WAGES AND FRINGE BENEFITS
In the public sector, wages and fringe benefits of workers are determined by the government on the recommendation of the National Wages Commission, which is established from time to time. (Commissions were appointed in 1973, 1977, 1984, 1989 and 1992.) Wages and fringe benefits declared by the government in 1977 have 20 grades of wages. Public sector employees are, however, covered by the Pay Commission which is declared by the government from time to time.

In the private sector, the wages and fringes benefits of workers and employees are determined through a collective bargaining process. Sometimes, private industries follow the public sector wages and salary structure for their workers and employees respectively.

LEAVE & HOLIDAYS
Leave and holidays of workers and employees are regulated by the Factories Act 1965 and the Shops Establishment Act 1965.

SOCIAL SECURITY
The Workmen’s Compensation, Maternity Benefit (Tea Estate) Act 1950, Maternity Benefit Act 1939 and Employment of Labour (standing orders) Act 1965 etc. deal with provident funds and gratuities.

LABOUR UNIONS
The Industrial Relations Ordinance 1969 deals with trade unions in Bangladesh. In any industrial and commercial establishment, a trade union may be formed with 30% of the total number of workers employed. If there is more than one union in any establishment, a collective bargaining agent is determined by the Registrar of the trade union through a sector ballot for a term of two years. Only the collective bargaining agent is authorised to raise industrial disputes and negotiate with the management. The Director of Labour of the government acts as the Registrar of Trade Unions in Bangladesh.

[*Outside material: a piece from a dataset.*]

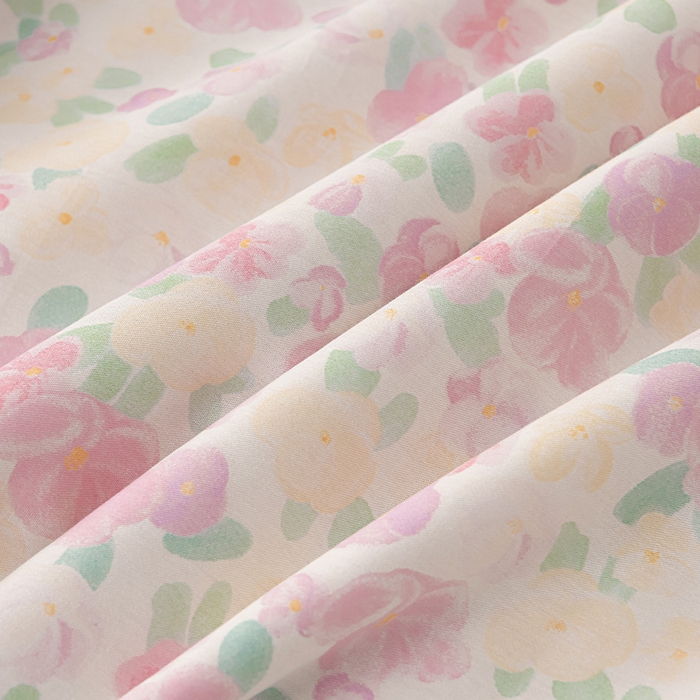 91家纺网 家纺一手货源 找家纺 绘萱家居 2025新款 100%全棉纯棉印花夏被四件套【 花型持续更新】 X花夏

The Industrial Relations Ordinance 1969 provides that any worker or employer/ has the right to form a union/association without previous authorisation. But such a union/association cannot function as a trade union without being registered under the law

WORKING HOURS
Workers in the public or private sector remain at their job for 8 hours daily (including half an hour for meal or rest) with Friday & Saturday as a weekly holiday marking 40 working hours per week. Work in excess of these hours is paid as overtime. The rate of overtime is two hours pay for one hour of work.